Linux-NFS Archive on lore.kernel.org
 help / color / Atom feed
* [PATCH 0/8] Reduce the refcount pressure of NFS on struct cred
@ 2020-02-10 19:13 Trond Myklebust
  2020-02-10 19:13 ` [PATCH 1/8] NFS: alloc_nfs_open_context() must use the file cred when available Trond Myklebust
  0 siblings, 1 reply; 9+ messages in thread
From: Trond Myklebust @ 2020-02-10 19:13 UTC (permalink / raw)
  To: linux-nfs

The NFS and RPC layer currently always takes a reference to the
credential passed by the user, even in the case where the RPC call
is synchronous, or the cred is also being pinned by file pointers
and open contexts.
In addition, the access cache will take a reference for each cache entry
on each file that we've looked up.

This patch set attempts to reduce the amount of references that the NFS
layer holds, by optimising away a few cases where we're taking the
refcount unnecessarily.
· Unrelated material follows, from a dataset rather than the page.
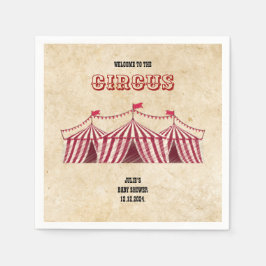 Vintage Circus Baby Shower Decor Retro Carnival Pa Pappersservett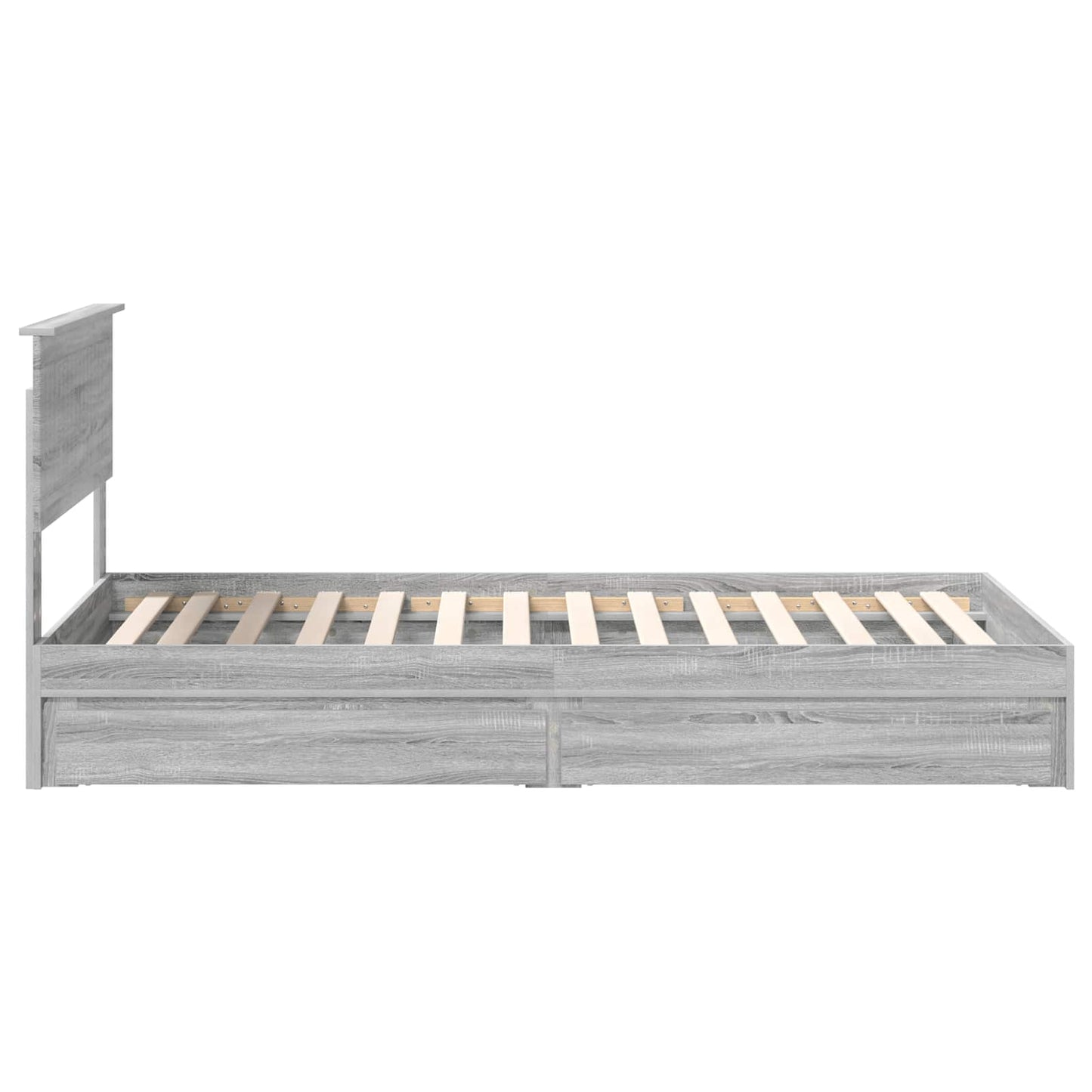 Seng med Oppbevaring Grå Sonoma 100 x 200 cm Konstruert tre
It also sets a more stringent limit on the
number of access cache entries that the NFS layer holds.

Trond Myklebust (8):
  NFS: alloc_nfs_open_context() must use the file cred when available
  SUNRPC: Add a flag to avoid reference counts on credentials
  SUNRPC: Don't take a reference to the cred on synchronous tasks
  NFS: Assume cred is pinned by open context in I/O requests
  NFSv4: Avoid referencing the cred unnecessarily during NFSv4 I/O
  NFSv4: Avoid unnecessary credential references in layoutget
  NFS: Avoid referencing the cred twice in async rename/unlink
  NFS: Limit the size of the access cache by default

 fs/nfs/dir.c                 |  2 +-
 fs/nfs/inode.c               | 10 +++++-----
 fs/nfs/nfs4proc.c            | 12 ++++++------
 fs/nfs/pagelist.c            |  2 +-
 fs/nfs/pnfs.c                |  3 +--
 fs/nfs/unlink.c              |  4 ++--
 fs/nfs/write.c               |  2 +-
 include/linux/sunrpc/sched.h |  1 +
 net/sunrpc/clnt.c            |  8 ++++++--
 net/sunrpc/sched.c           |  3 ++-
 10 files changed, 26 insertions(+), 21 deletions(-)

-- 
2.24.1


^ permalink raw reply	[flat|nested] 9+ messages in thread

* [PATCH 1/8] NFS: alloc_nfs_open_context() must use the file cred when available
  2020-02-10 19:13 [PATCH 0/8] Reduce the refcount pressure of NFS on struct cred Trond Myklebust
@ 2020-02-10 19:13 ` Trond Myklebust
  2020-02-10 19:13   ` [PATCH 2/8] SUNRPC: Add a flag to avoid reference counts on credentials Trond Myklebust
  0 siblings, 1 reply; 9+ messages in thread
From: Trond Myklebust @ 2020-02-10 19:13 UTC (permalink / raw)
  To: linux-nfs

If we're creating a nfs_open_context() for a specific file pointer,
we must use the cred assigned to that file.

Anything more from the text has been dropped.